__DATASET EXCERPT__:
────

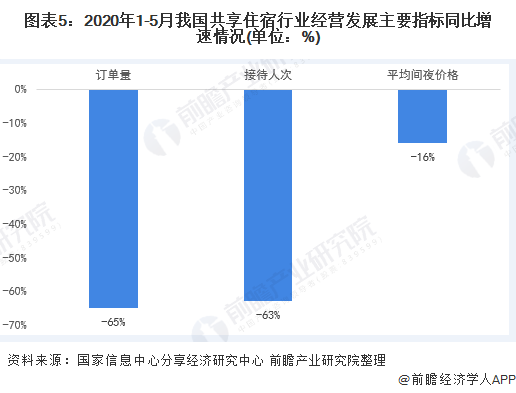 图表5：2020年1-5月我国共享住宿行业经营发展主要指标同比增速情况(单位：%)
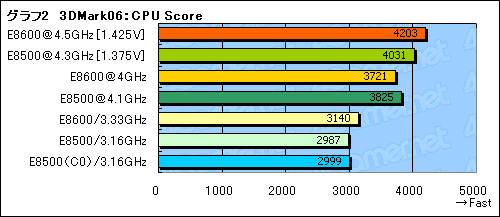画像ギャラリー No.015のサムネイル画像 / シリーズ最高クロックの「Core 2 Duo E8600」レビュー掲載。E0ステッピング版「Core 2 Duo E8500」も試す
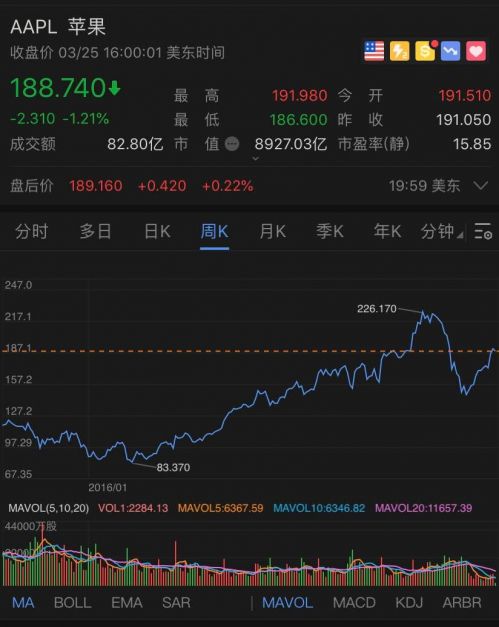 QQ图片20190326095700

────

__WHAT YOU SHOULD DO__: Skip the pictures, then return the rest of the data exactly.

__RESULT__:
 图表5：2020年1-5月我国共享住宿行业经营发展主要指标同比增速情况(单位：%)
画像ギャラリー No.015のサムネイル画像 / シリーズ最高クロックの「Core 2 Duo E8600」レビュー掲載。E0ステッピング版「Core 2 Duo E8500」も試す
 QQ图片20190326095700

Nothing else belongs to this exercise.